In H1 23, auto sales averaged 15.35 mln (seasonally adjusted annual rate). In
H1 22, they averaged 13.73 mln. Strong auto production (20% annualized pace)
helped lift Q2 GDP (~0.5 percentage points). Note that labor negotiations get
under way later this week and strong auto earnings are emboldening the United
Auto Workers.
Canada
and Mexico see their July manufacturing PMI, but they are not typically market
movers. For Canada, the highlight is Friday's July employment report, and
it will be hard to match the nearly 110k full-time posts filled in June. Yesterday,
Mexico reported its economy expanded by 0.9% quarter-over-quarter in Q2, a bit
stronger than expected and nearly matching the 1.0% growth of Q1. The IMEF
survey data is expected to show the economy has begun Q3 with good momentum.
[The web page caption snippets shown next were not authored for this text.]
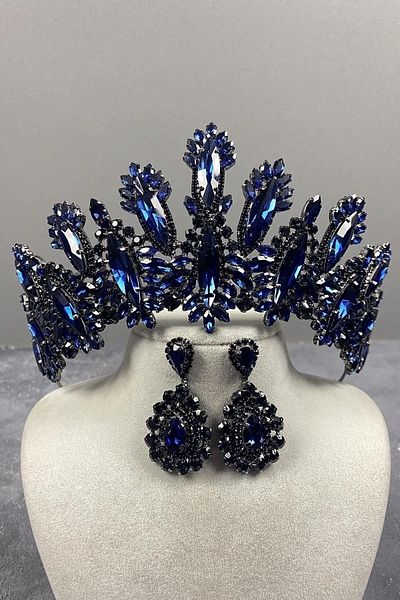 Hayalperest boncuk Navy Blue High Model Bridal Costume Crown Shuttle Stone Earring Set Henna Crown Bridal Wedding Crown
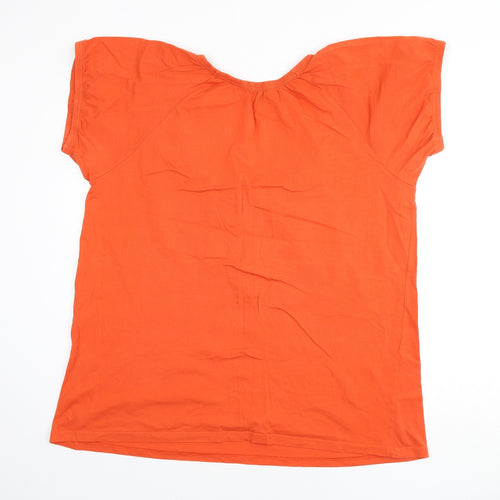 Simply Be Womens Orange Cotton Basic T-Shirt Size 22 Scoop Neck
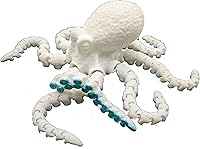 Vista 17 de 3D Printed Octopus - Customizable, Made to Order Articulated Animal Model (X-Large, Purple with Lime Green Tentacles)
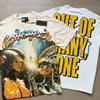 New Meichao Godspeed Skull Rock Band Crew Neck Wash Black Short Sleeve T-Shirt Couple Same Style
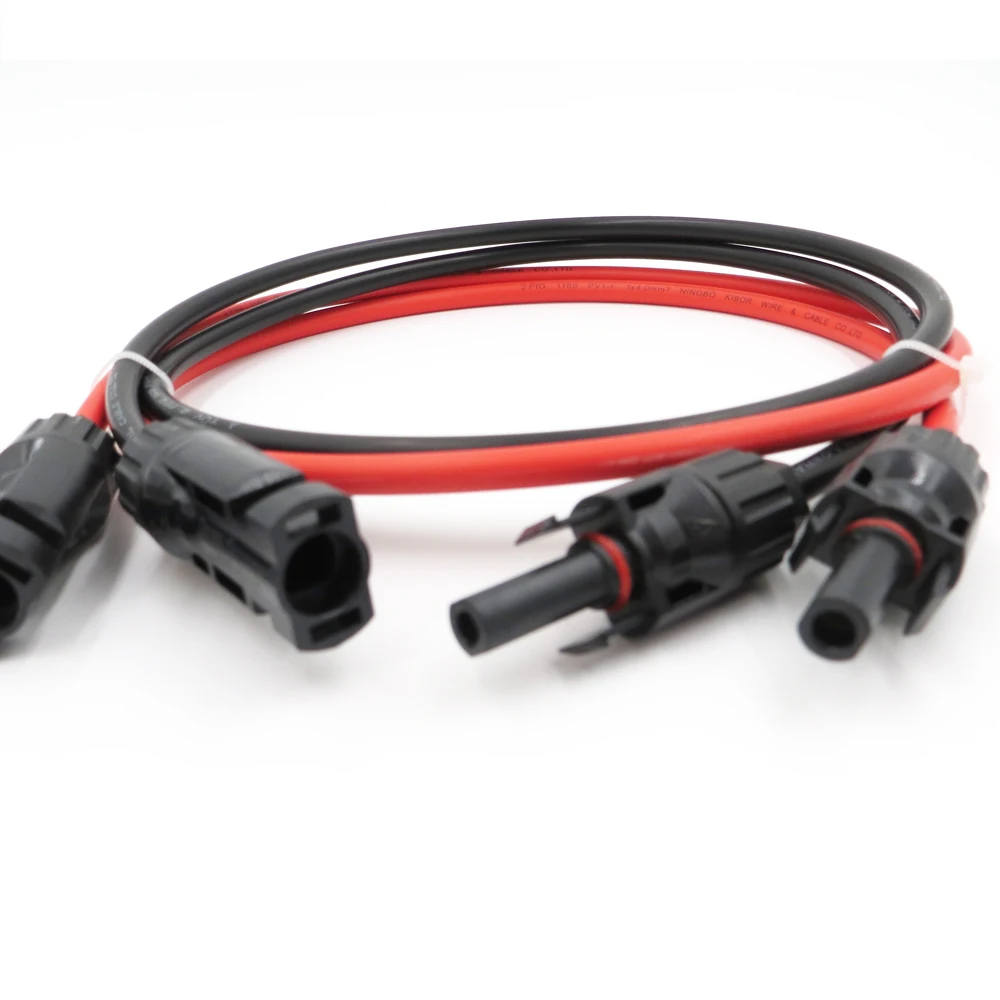 

1Pair x 4mm2 12AWG 1m 2m 3m 5m 10m extend cable MC4 Connector male female Extension Connect branch red black parallel Series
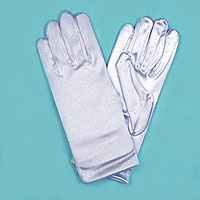 Wrist Satin Stretch Gloves for Children, Ages 3-7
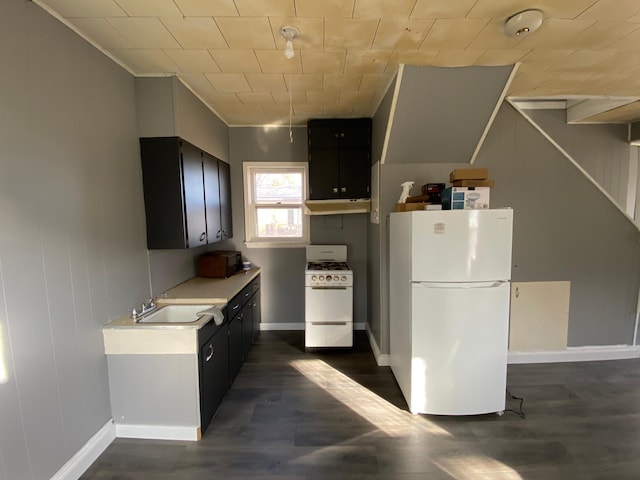 kitchen featuring a sink, light countertops, dark cabinets, white appliances, and dark wood-type flooring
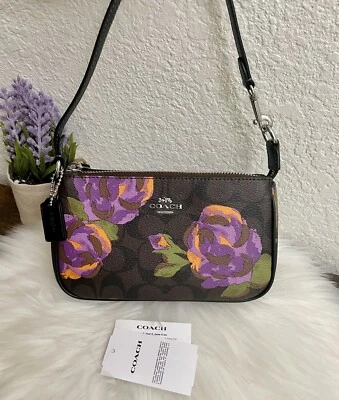 NUEVO CON ETIQUETAS COACH Nolita 19 en lienzo exclusivo con estampado de rosas - CL676 Foto 1 de 4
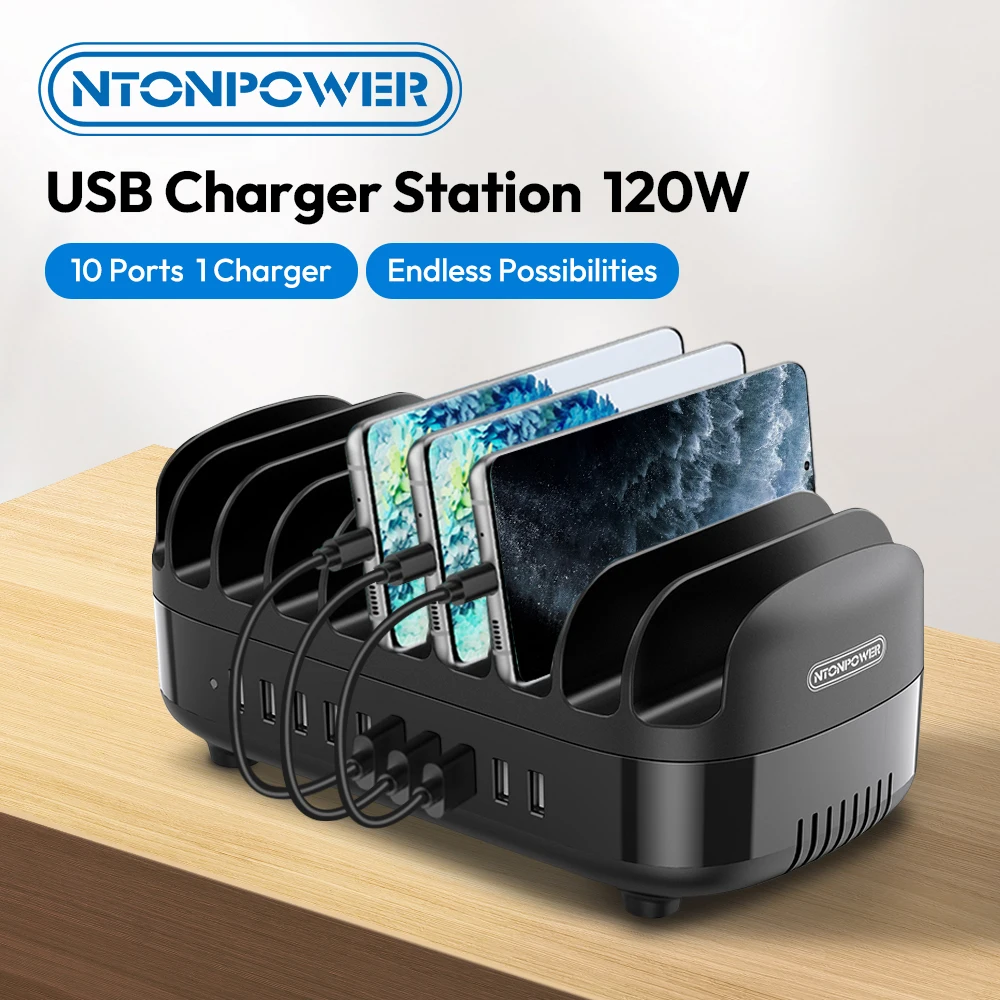 

10 Port Charging Station for Multiple Devices, 120W iPad Charging Station Organizer, USB Charging Docking Station with Cooling F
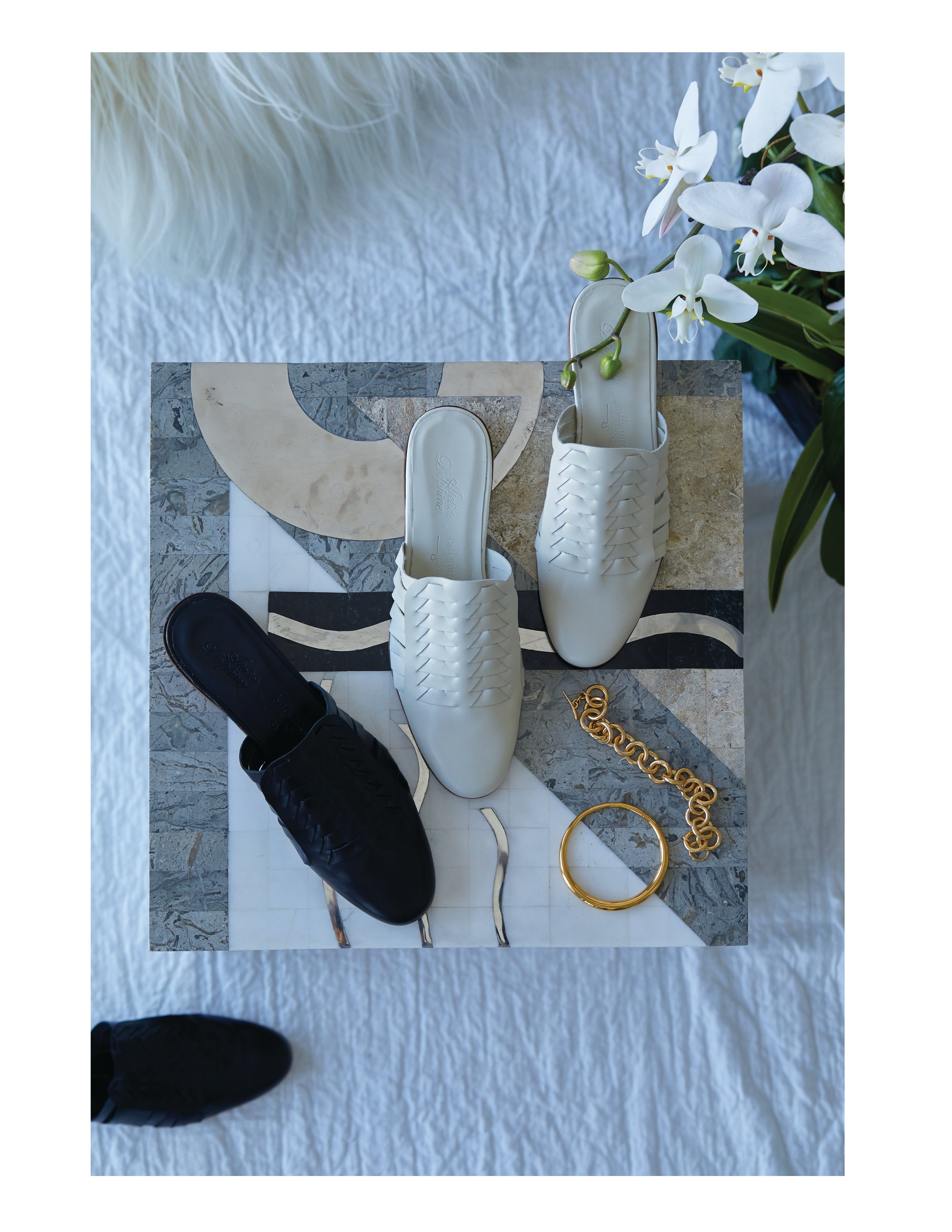 Leather Woven Slides in White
In
addition to the attractive carry offered by the 11.25% overnight rate, the peso
has also been buoyed by a favorable external balance that has featured record
exports and work remittances. In the first five months of the year, Mexico has
reported $24.67 bln worker remittance compared with $22.35 in the first five
months of 2022 and about $19.19 bln in the Jan-May 2021 period. Mexico recorded
a trade deficit of $6.34 bln in H1 23, which was half the shortfall of H1 22
(~$12.79 bln).
The
US dollar's outside down day against the Canadian dollar yesterday did not see
any follow-through selling. On the contrary, the greenback
rebounded from around CAD1.3150, yesterday's low, to CAD1.3260 today and it
does not look done. The risk extends toward CAD1.3300, where nearly $2 bln of options
expire at the end of the week. Initial support now may be near CAD1.3220. The
US dollar fell to multiyear lows against the Mexican peso at the end of last
week (~MXN16.6260) and is continues to consolidate with the range seen last
Friday (that extended to almost MXN16.95). Look for new buyers to emerge as
that area is approached. Note that Brazil's central bank meets late tomorrow
and is expected to deliver its first cut in the cycle. Most look for a 25 bp
move that would bring the Selic to 13.50%.